(Beginning of SUPPLIED RECORDS)

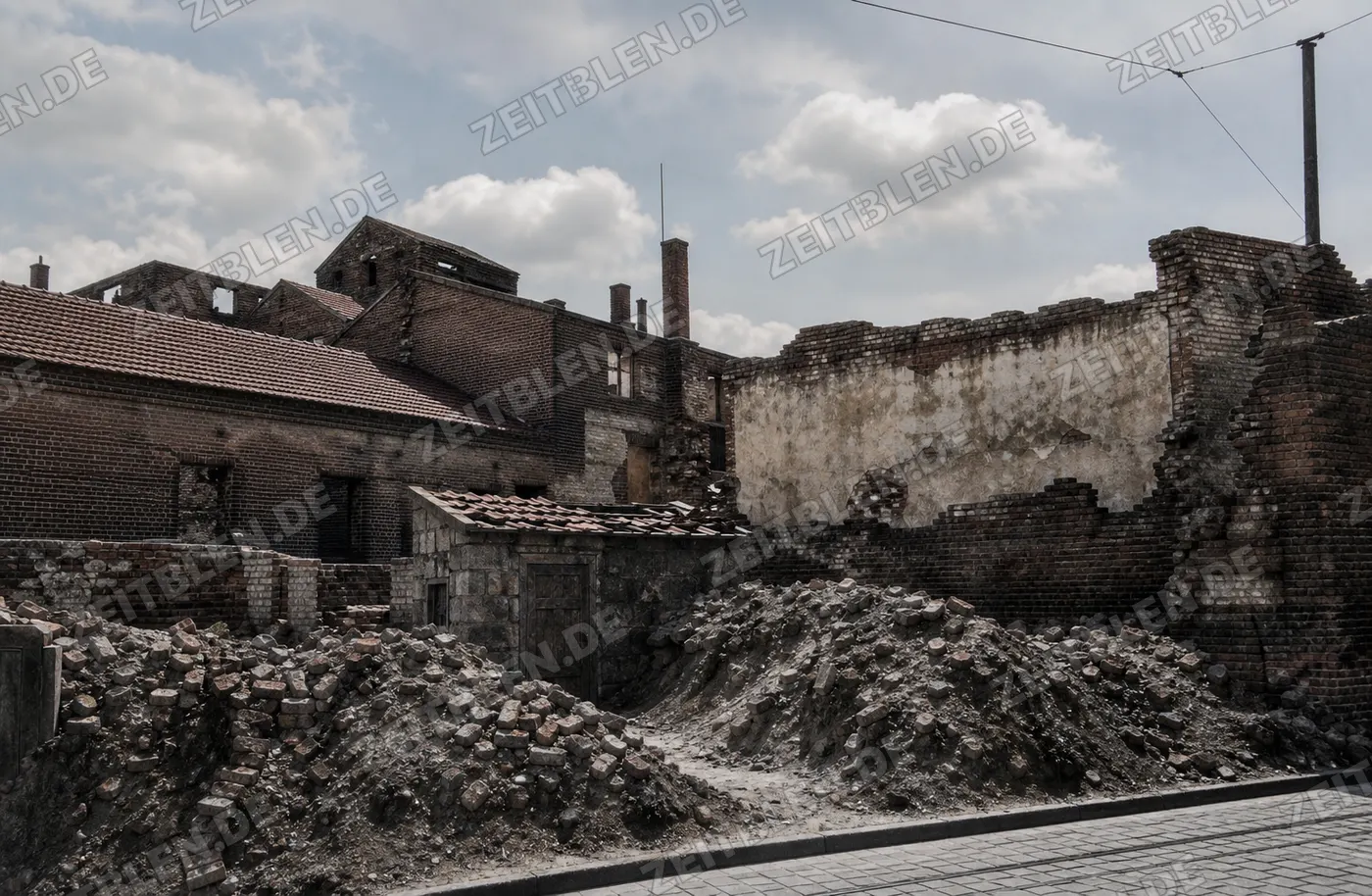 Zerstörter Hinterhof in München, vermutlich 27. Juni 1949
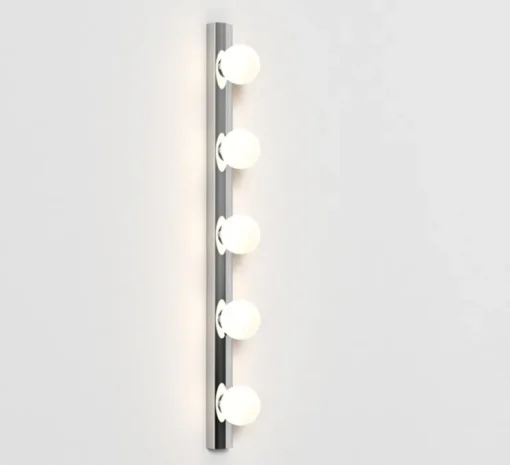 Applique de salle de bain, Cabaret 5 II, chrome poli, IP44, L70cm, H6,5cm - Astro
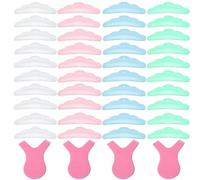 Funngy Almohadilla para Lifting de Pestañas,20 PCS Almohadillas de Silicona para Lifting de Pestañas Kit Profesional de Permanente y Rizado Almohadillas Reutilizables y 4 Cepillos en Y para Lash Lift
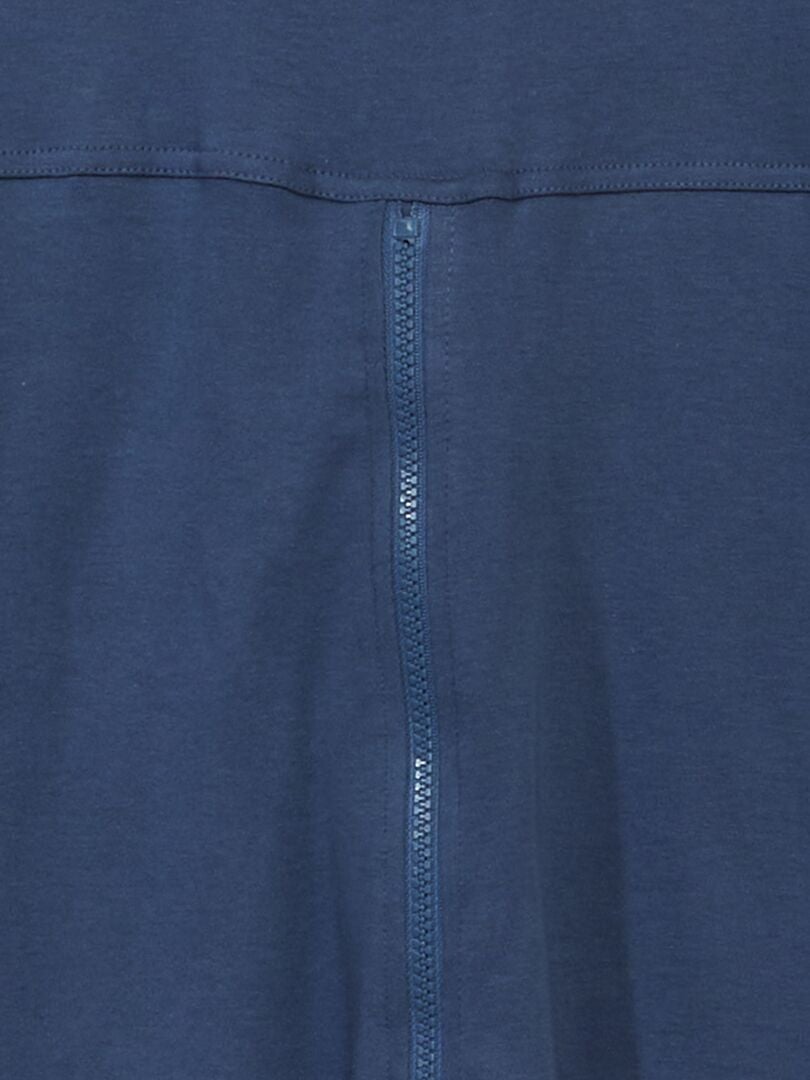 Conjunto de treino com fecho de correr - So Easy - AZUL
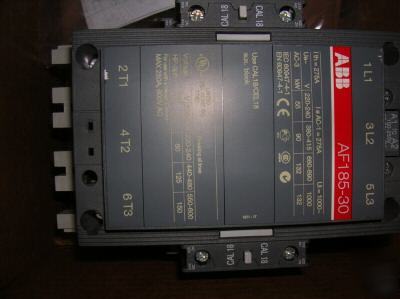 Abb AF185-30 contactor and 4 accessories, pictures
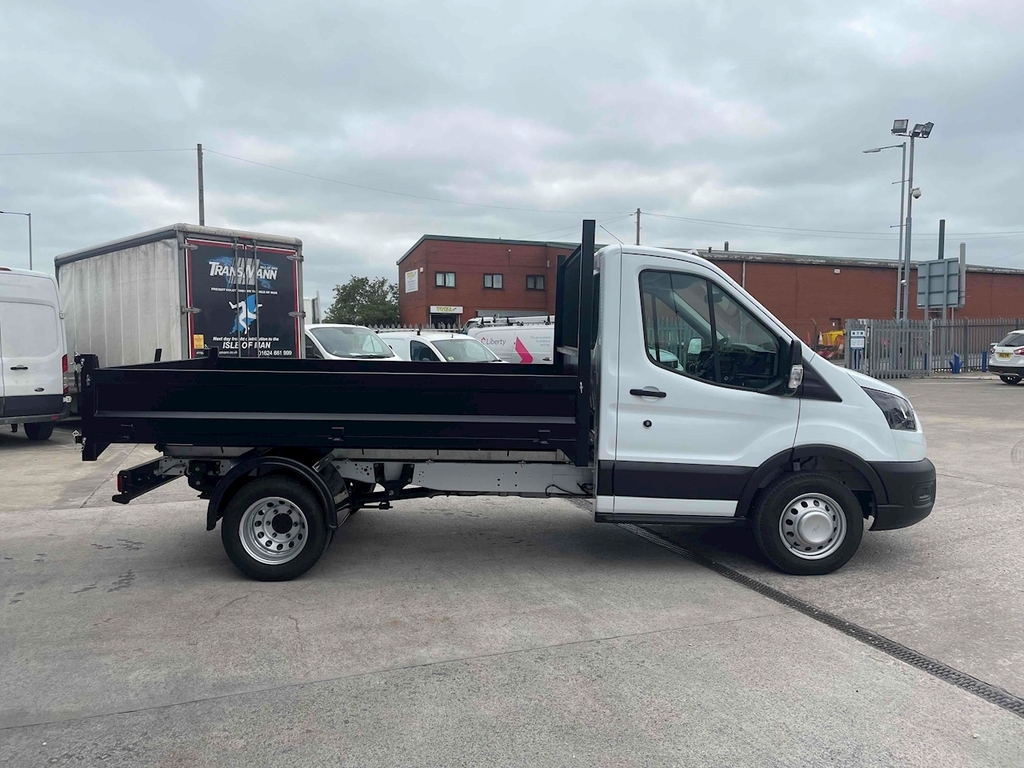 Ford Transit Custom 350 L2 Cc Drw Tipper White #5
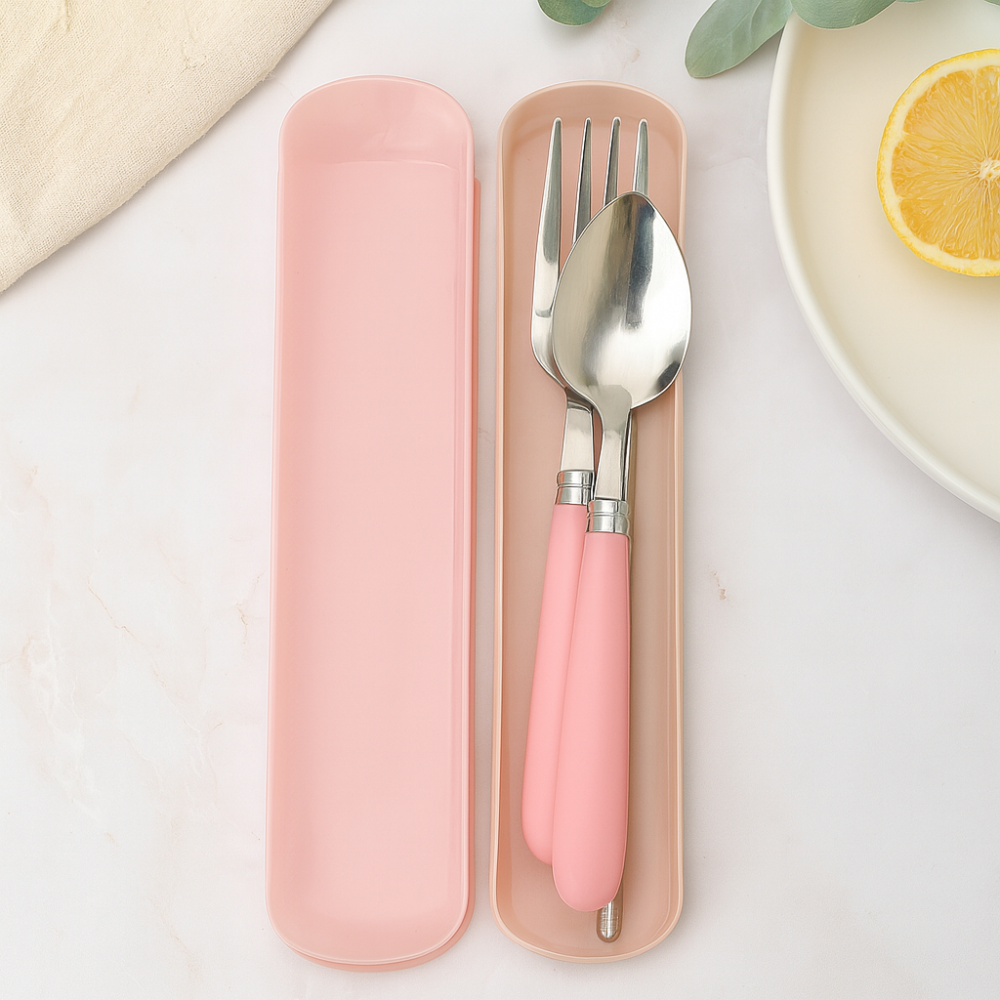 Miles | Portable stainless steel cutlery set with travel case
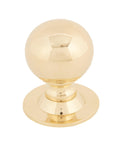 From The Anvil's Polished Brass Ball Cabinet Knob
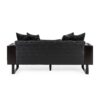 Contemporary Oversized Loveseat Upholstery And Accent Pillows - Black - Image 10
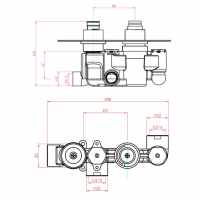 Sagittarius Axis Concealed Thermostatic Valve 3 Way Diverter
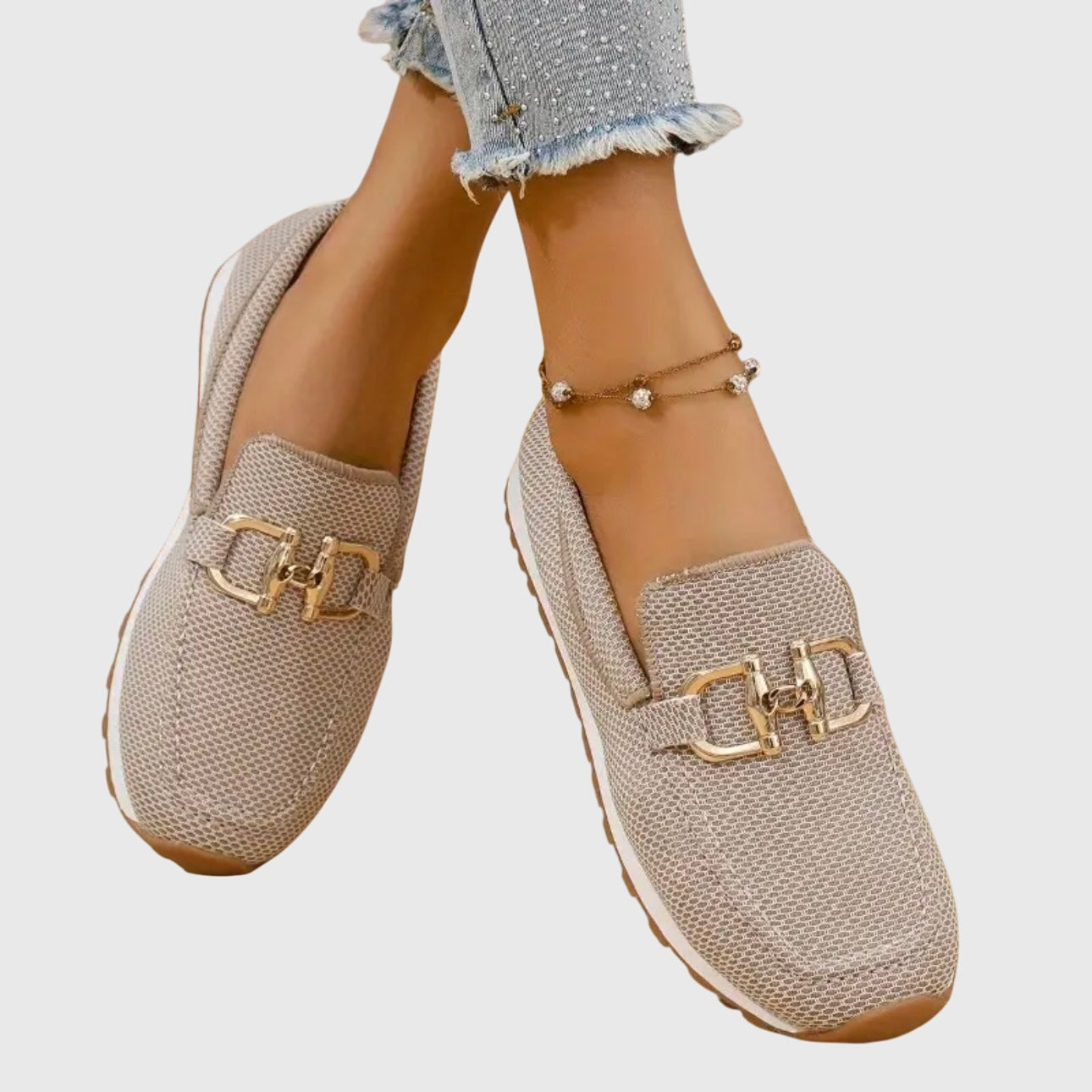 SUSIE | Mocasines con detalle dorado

(End of SUPPLIED RECORDS)

PROBLEM: Provide the lines again, unchanged, from where the data above begins through the line containing "Ford Transit Custom", both ends included, omitting pictures and adding nothing.

SOLUTION FOR THIS PROBLEM:
 Zerstörter Hinterhof in München, vermutlich 27. Juni 1949
 Applique de salle de bain, Cabaret 5 II, chrome poli, IP44, L70cm, H6,5cm - Astro
 Funngy Almohadilla para Lifting de Pestañas,20 PCS Almohadillas de Silicona para Lifting de Pestañas Kit Profesional de Permanente y Rizado Almohadillas Reutilizables y 4 Cepillos en Y para Lash Lift
 Conjunto de treino com fecho de correr - So Easy - AZUL
 Abb AF185-30 contactor and 4 accessories, pictures
 Ford Transit Custom 350 L2 Cc Drw Tipper White #5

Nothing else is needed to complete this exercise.